Australian house prices are surging again, delivering double-digit annual growth months ahead of schedule.

Nationally, the median house price climbed 1.1 per cent in October to $940,000, lifting annual growth to 10.6 per cent, the first double-digit increase since the 2021–22 property boom.

Market Resilience Surprises Analysts

The acceleration comes earlier than expected, according to Ray White Group Chief Economist Nerida Conisbee, who says the milestone was originally forecast for the end of the year.

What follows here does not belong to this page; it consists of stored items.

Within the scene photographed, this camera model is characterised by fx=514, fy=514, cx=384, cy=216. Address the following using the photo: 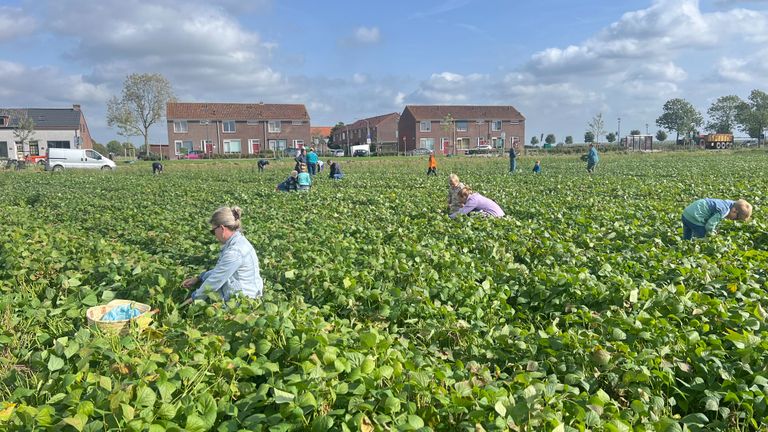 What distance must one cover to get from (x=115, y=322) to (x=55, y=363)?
127 cm

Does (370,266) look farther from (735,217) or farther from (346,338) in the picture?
(735,217)

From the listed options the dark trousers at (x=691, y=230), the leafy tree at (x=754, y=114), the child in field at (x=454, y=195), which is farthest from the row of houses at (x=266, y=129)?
the dark trousers at (x=691, y=230)

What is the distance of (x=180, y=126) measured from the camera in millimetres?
66375

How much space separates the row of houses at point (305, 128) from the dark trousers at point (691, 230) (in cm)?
5540

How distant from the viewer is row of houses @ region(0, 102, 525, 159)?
6159 centimetres

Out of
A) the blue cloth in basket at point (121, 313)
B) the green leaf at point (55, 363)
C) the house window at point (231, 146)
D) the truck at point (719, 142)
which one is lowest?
the blue cloth in basket at point (121, 313)

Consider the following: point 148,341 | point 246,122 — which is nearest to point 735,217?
point 148,341

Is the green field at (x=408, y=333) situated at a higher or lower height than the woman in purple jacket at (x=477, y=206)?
lower

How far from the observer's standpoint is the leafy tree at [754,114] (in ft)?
272

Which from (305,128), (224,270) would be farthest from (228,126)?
(224,270)

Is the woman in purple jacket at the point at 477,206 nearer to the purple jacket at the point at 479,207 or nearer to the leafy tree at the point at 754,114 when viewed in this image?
the purple jacket at the point at 479,207

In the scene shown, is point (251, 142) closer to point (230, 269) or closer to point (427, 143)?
point (427, 143)

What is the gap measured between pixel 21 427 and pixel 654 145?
2962 inches

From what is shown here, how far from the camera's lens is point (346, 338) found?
3.42 m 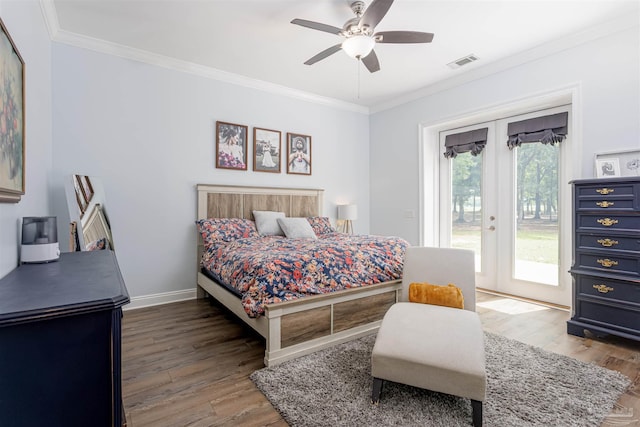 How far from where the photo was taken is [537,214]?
373cm

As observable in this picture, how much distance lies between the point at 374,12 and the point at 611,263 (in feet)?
8.96

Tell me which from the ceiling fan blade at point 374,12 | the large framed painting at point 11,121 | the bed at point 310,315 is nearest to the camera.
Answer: the large framed painting at point 11,121

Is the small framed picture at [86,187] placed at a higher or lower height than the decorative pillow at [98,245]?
higher

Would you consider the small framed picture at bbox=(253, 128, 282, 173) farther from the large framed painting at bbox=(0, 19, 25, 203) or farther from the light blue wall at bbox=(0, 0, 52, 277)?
the large framed painting at bbox=(0, 19, 25, 203)

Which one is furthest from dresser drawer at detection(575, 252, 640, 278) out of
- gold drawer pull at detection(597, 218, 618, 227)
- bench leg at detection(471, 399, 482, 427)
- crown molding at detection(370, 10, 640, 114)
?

“Stronger-than-expected October gains and continued tight supply across most markets have pushed growth ahead of schedule,” Conisbee said. “This shows how resilient demand has remained through spring.”

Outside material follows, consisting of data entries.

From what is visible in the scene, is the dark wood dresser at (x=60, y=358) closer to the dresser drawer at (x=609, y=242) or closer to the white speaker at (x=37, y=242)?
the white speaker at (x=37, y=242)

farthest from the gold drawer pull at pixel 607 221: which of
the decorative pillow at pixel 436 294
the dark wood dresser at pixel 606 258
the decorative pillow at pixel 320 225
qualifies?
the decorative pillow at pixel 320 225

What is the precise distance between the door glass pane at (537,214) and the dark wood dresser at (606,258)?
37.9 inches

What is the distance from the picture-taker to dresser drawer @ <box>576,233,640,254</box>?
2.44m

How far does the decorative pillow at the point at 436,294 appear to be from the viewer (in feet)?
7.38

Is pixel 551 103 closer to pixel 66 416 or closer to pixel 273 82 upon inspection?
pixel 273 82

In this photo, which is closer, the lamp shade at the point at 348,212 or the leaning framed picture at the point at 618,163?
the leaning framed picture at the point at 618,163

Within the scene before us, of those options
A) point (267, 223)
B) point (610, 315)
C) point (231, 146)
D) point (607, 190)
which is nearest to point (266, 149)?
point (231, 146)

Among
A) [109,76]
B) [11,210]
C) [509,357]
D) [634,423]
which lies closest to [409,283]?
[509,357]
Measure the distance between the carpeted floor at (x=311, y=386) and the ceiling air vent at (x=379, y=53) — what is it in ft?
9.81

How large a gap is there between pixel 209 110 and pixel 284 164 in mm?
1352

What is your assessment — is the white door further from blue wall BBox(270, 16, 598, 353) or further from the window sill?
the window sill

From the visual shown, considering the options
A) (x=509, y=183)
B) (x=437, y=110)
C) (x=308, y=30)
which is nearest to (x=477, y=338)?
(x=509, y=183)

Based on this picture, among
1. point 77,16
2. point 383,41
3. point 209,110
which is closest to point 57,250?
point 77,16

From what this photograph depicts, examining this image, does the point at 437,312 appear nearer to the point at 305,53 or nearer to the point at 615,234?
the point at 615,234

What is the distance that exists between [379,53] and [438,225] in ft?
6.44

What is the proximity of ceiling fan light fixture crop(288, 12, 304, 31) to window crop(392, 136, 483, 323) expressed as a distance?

Perth (+14.8 per cent), Brisbane (+12.5 per cent) and Adelaide (+10.8 per cent) continue to lead the charge among capital cities, while Sydney (+8.6 per cent) and Melbourne (+6.5 per cent) show steady, consistent increases.

Regional Markets Extend Their Lead

Beyond the capitals, regional Australia is powering ahead, particularly in the resource states.

Regional Western Australia jumped 16.4 per cent year-on-year, and regional Queensland followed close behind at 14.5 per cent, as population growth and affordability continue to drive demand.

Units Outperform Houses

Unit prices rose even more sharply in October, up 1.4 per cent to $710,000, marking 9.2 per cent annual growth. Conisbee said affordability pressures, new first home buyer incentives, and a lack of available stock are pushing more buyers into the apartment market.

“Units are now seeing stronger monthly gains than houses, reflecting both affordability constraints and renewed first-home-buyer activity,” she said.

The biggest monthly jumps were in Perth (+1.6 per cent), Adelaide (+1.5 per cent), and Brisbane (+1.4 per cent). Melbourne’s unit market also firmed, up 1.6 per cent, as buyers returned to lower price brackets.

Spring Demand Defies Higher Listings

Despite an influx of spring listings, new stock has failed to match the intensity of buyer demand. Nationally, house prices have now risen every month since February, and unit prices every month since March.

“The pace of growth shows demand hasn’t been dampened by higher supply,” Conisbee said.

Outlook: Steady Growth Into 2026

The data comes as the Reserve Bank prepares for its Melbourne Cup Day meeting, where rates are expected to remain on hold at 3.6 per cent.

With inflation easing only gradually and unemployment sitting around 4.5 per cent, analysts expect monetary policy to stay steady for now.

Ray White’s forecast suggests 2025 will close with high single- to low double-digit annual growth nationally, with smaller capitals and regional areas tipped to outperform well into 2026.